• **Activity**:
After finding "Here's the apple" in the material below, output its line and every line after it through the last, exactly, but not the pictures.

• **Given entries**:
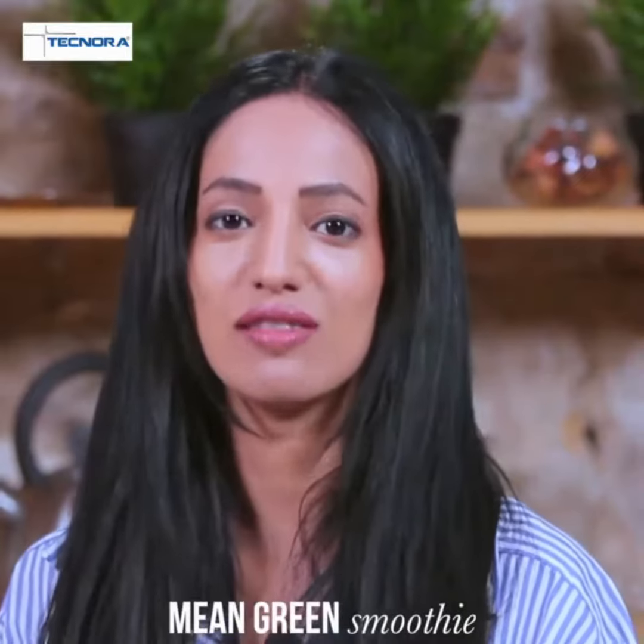This is the Technora Smoothie Show. I am Anesha and I'm going to show you how to make the Mean Green Smoothie in the Technora Vitalizer. This has seven key ingredients and is great for getting a serious vitamins and minerals hit. So let's go.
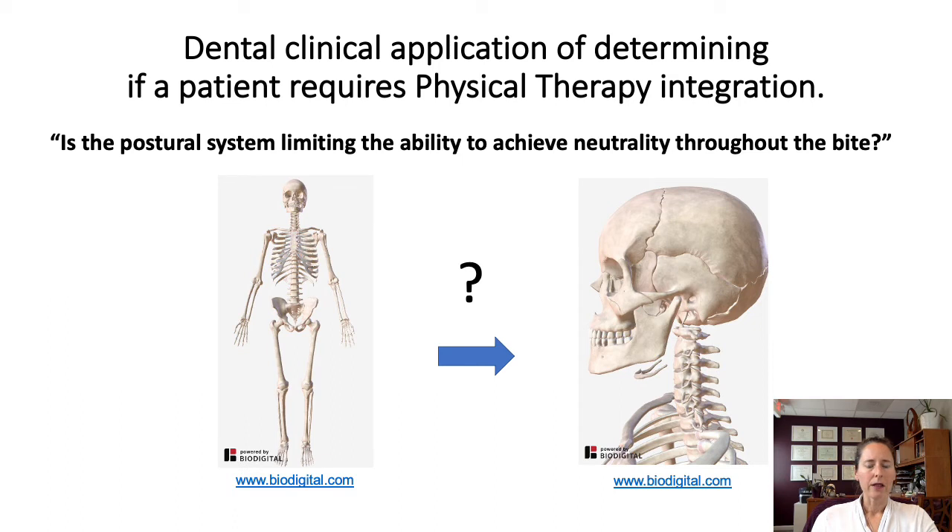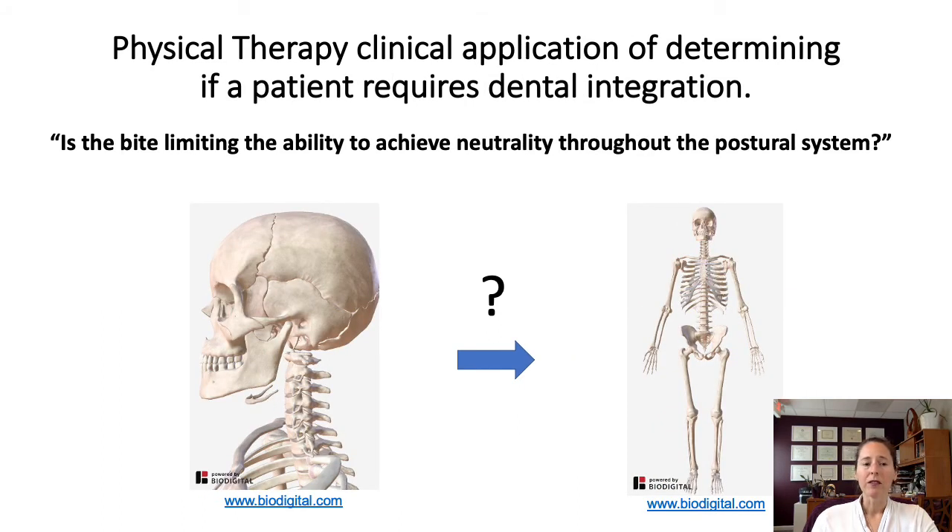The dentist just needs to ask the question: is this patient's postural system limiting their ability to achieve centric relation and occlusion? Is this person's progress being limited because of the rest of their postural system? And likewise, physical therapists need to ask: is the bite limiting my ability to help my patient achieve neutrality throughout their postural system?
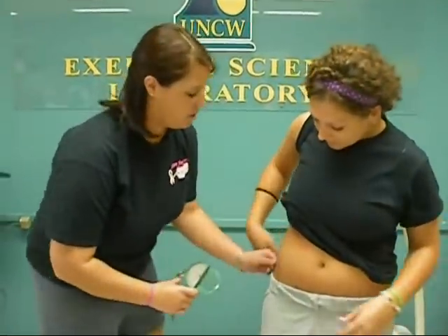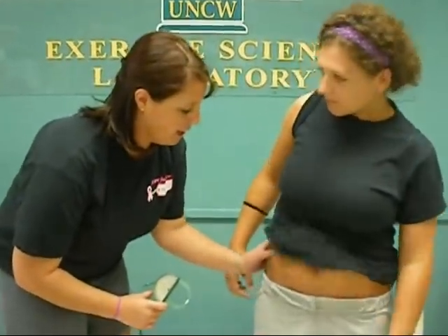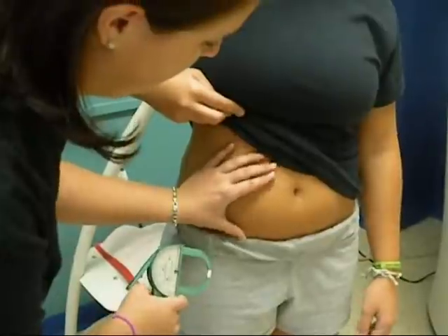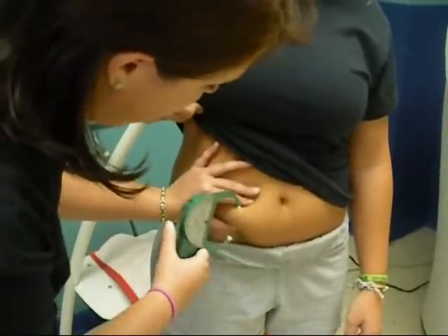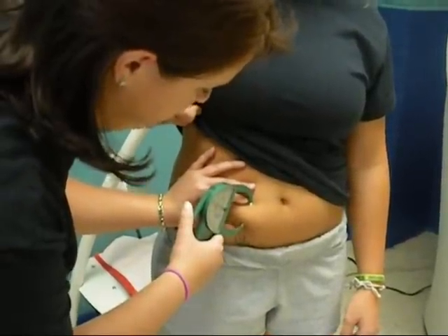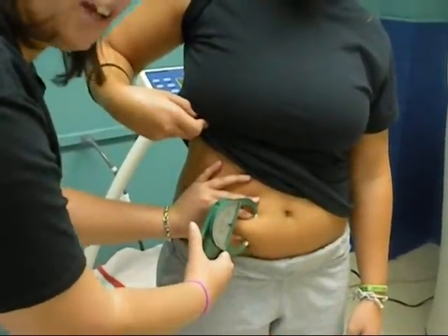Then we're going to move to the iliac. You're going to go from the iliac, which is the top of your hip bone, and move towards your abdomen. Pinch it together there, find the fat, and take a measurement. Make sure you don't just pull it off.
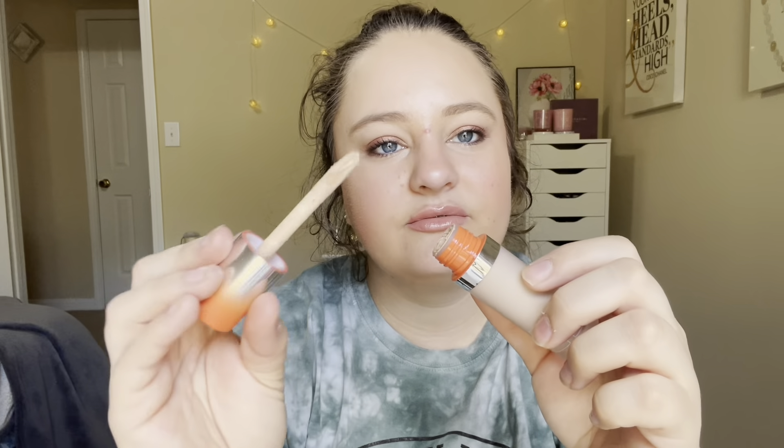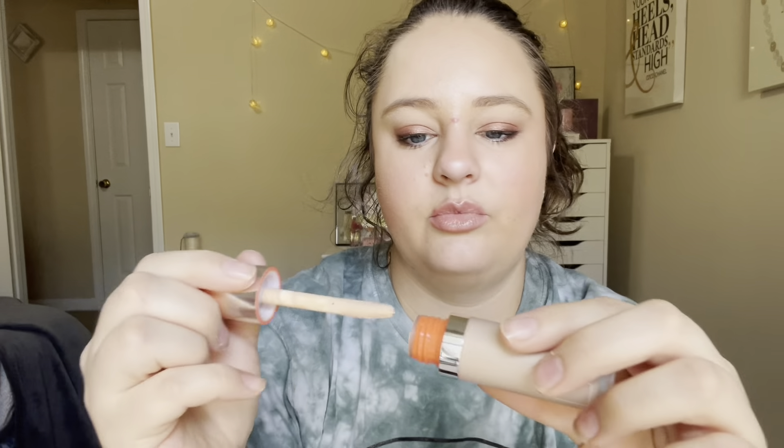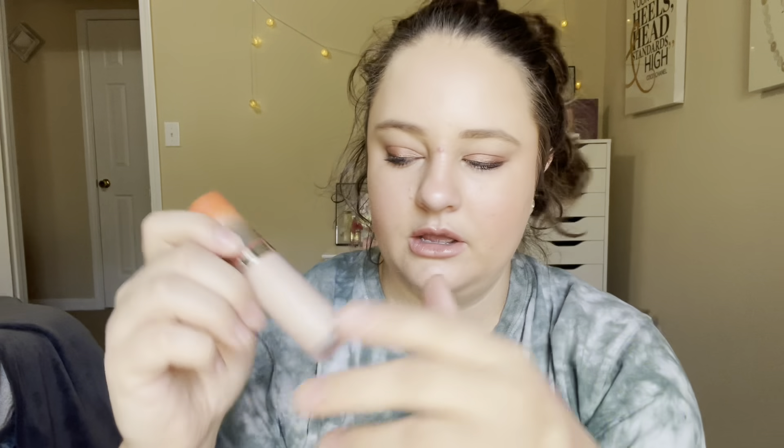And then we have a concealer. This is a BoxyCharm item — this is from Item Beauty, which I think is Addison Rae's brand. This is the Air Hug Concealer in shade 110. I actually really like this. I've been skeptical trying her products because they are a little cheaper, and celebrity brands usually aren't the best quality. But I like it, actually. The wand is definitely weird, but I do remember liking it. I've heard good things about their mascara too — I haven't tried it, but I did buy it for my mom for Christmas. You can find those products on BoxyCharm for super cheap, by the way.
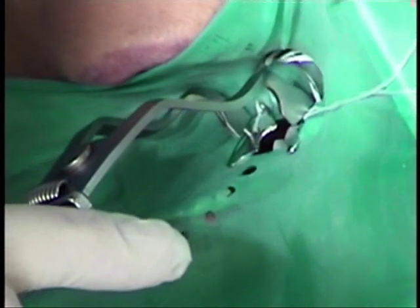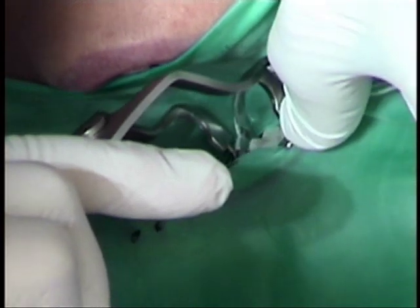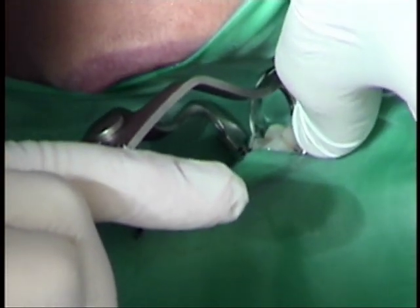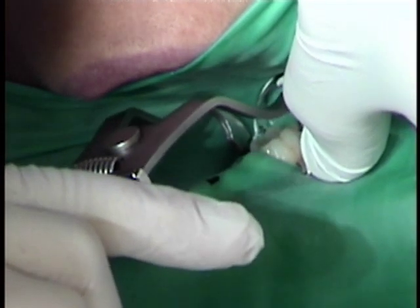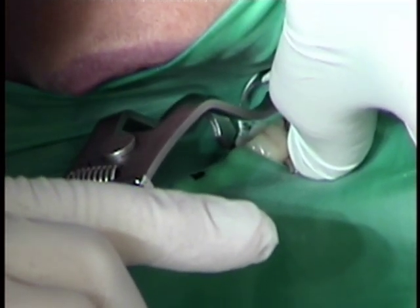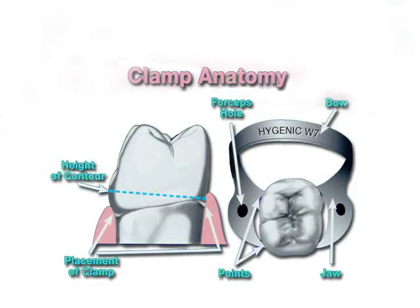When seating the clamp, place the lingual jaw first. While maintaining contact with the lingual surface, spread the clamp open just far enough to clear the height of contour. Then slide the jaw along the buccal surface and position the clamp below the height of contour. Test the seated clamp for stability with a finger.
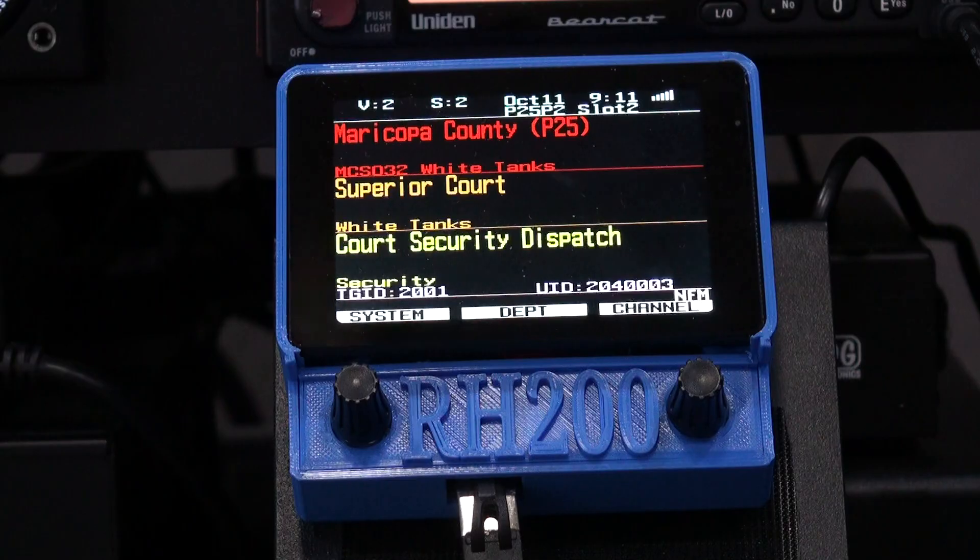This product will interface with most current and recent Uniden scanners, including the SDS, 436-536, 996-325, 260-160, and BCT-15 series scanners.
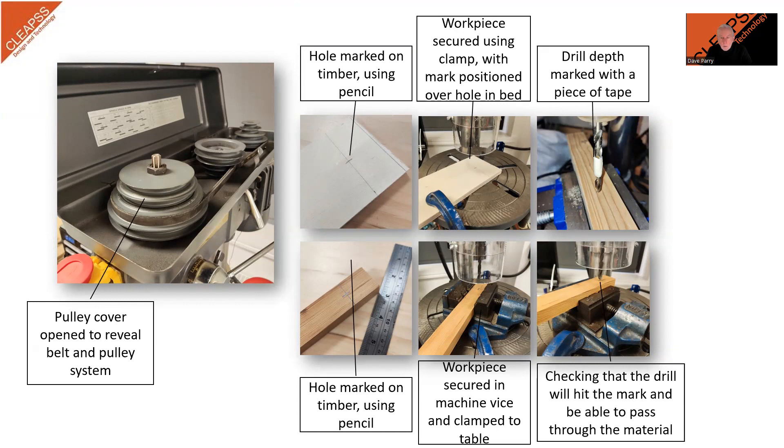Before drilling a hole, the workpiece should be marked to locate where the hole is required. For timber, this would normally be a pencil mark. Plastics can be marked with a felt tip, and metals with a centre punch. A centre punch mark also helps locate the drill bit as you start to drill.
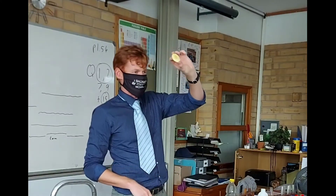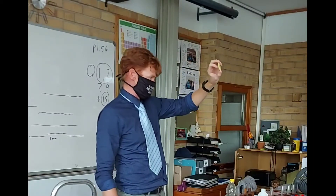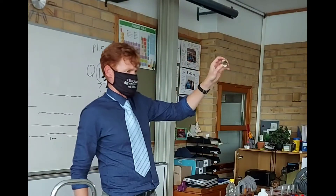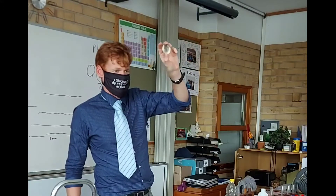Here's the apple — there's no starch in the apple because it stays a brown color. I don't know if the people in the back can see that clearly. And here is the potato — the potato also turns a dark blue-black color.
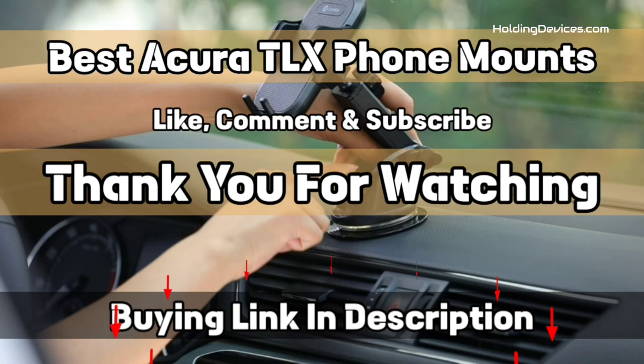And that's it from this video. I hope you have found one mount for your Acura TLX. If so, give us a like and subscribe to our channel.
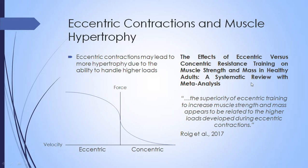In a systematic review and meta-analysis, eccentric-only training was also found to increase muscle strength and mass more than concentric-only contractions. This very recent paper suggested the reason eccentric training may be more beneficial is because of the higher loads developed during eccentric contractions — further supporting that mechanism. Remember, in reality most hypertrophy exercises involve a combination of both concentric and eccentric muscle actions, not eccentric-only or concentric-only.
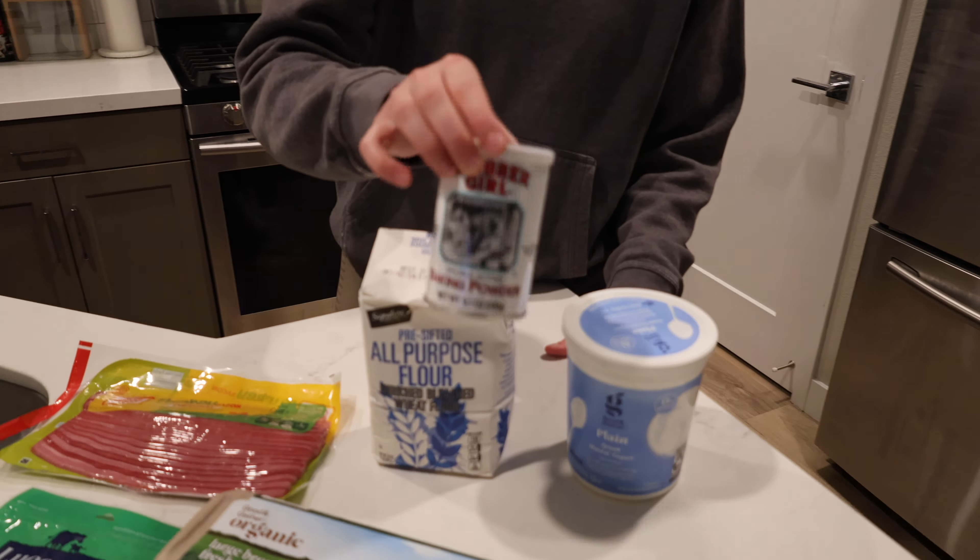I probably should have cut these in half lengthwise first. Too late. I feel like I should have gotten a bowl — paper towel. I honestly just don't want to dirty a bowl because I hate doing dishes. So I'm just going to weigh out the bacon. I was thinking I needed to do the math, so I'm going to zero out this paper towel because that's what's under the bacon.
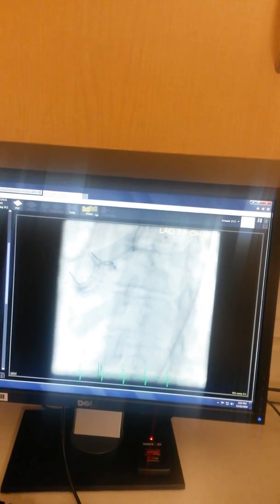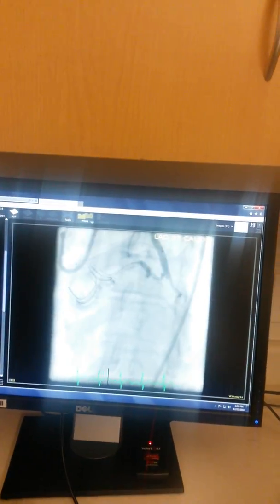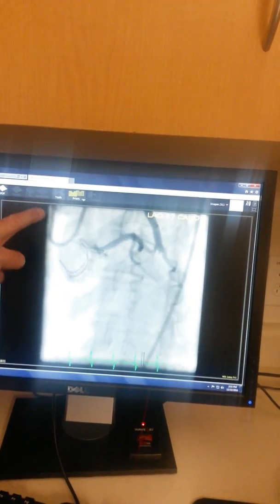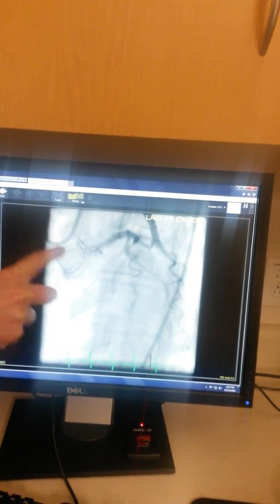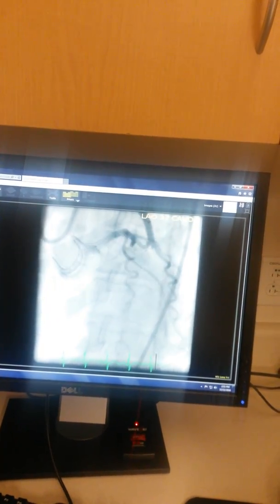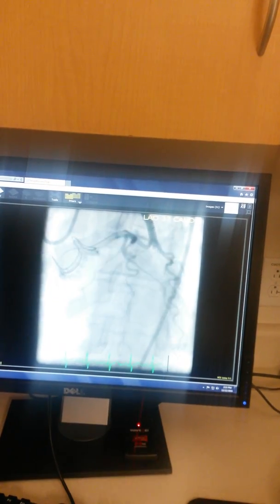What you'll see next is we needed to deal with this stuff up here. What I ended up doing was taking this catheter out and getting a second catheter to come in here gently. Now that the left main is open, it'll be easy for us to get a catheter in there. So you were able to go down by the valve with a catheter? Yep.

• **Solution for this task**:
Here's the apple — there's no starch in the apple because it stays a brown color. I don't know if the people in the back can see that clearly. And here is the potato — the potato also turns a dark blue-black color.
And that's it from this video. I hope you have found one mount for your Acura TLX. If so, give us a like and subscribe to our channel.
In a systematic review and meta-analysis, eccentric-only training was also found to increase muscle strength and mass more than concentric-only contractions. This very recent paper suggested the reason eccentric training may be more beneficial is because of the higher loads developed during eccentric contractions — further supporting that mechanism. Remember, in reality most hypertrophy exercises involve a combination of both concentric and eccentric muscle actions, not eccentric-only or concentric-only.
I probably should have cut these in half lengthwise first. Too late. I feel like I should have gotten a bowl — paper towel. I honestly just don't want to dirty a bowl because I hate doing dishes. So I'm just going to weigh out the bacon. I was thinking I needed to do the math, so I'm going to zero out this paper towel because that's what's under the bacon.
What you'll see next is we needed to deal with this stuff up here. What I ended up doing was taking this catheter out and getting a second catheter to come in here gently. Now that the left main is open, it'll be easy for us to get a catheter in there. So you were able to go down by the valve with a catheter? Yep.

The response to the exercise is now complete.